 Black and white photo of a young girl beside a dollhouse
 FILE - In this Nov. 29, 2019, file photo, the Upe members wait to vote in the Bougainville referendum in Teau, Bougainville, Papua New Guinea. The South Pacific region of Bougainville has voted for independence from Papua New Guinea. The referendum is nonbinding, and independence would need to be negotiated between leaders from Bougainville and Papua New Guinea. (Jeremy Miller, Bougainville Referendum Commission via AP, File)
-=-=-=-=-
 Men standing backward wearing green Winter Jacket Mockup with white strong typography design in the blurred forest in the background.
-=-=-=-=-
*The task*.
Starting at the line above that contains "Black and white", write out each line exactly until the line that contains "FILE - In this" has been written, and stop there.

*Task result*.
 Black and white photo of a young girl beside a dollhouse
 FILE - In this Nov. 29, 2019, file photo, the Upe members wait to vote in the Bougainville referendum in Teau, Bougainville, Papua New Guinea. The South Pacific region of Bougainville has voted for independence from Papua New Guinea. The referendum is nonbinding, and independence would need to be negotiated between leaders from Bougainville and Papua New Guinea. (Jeremy Miller, Bougainville Referendum Commission via AP, File)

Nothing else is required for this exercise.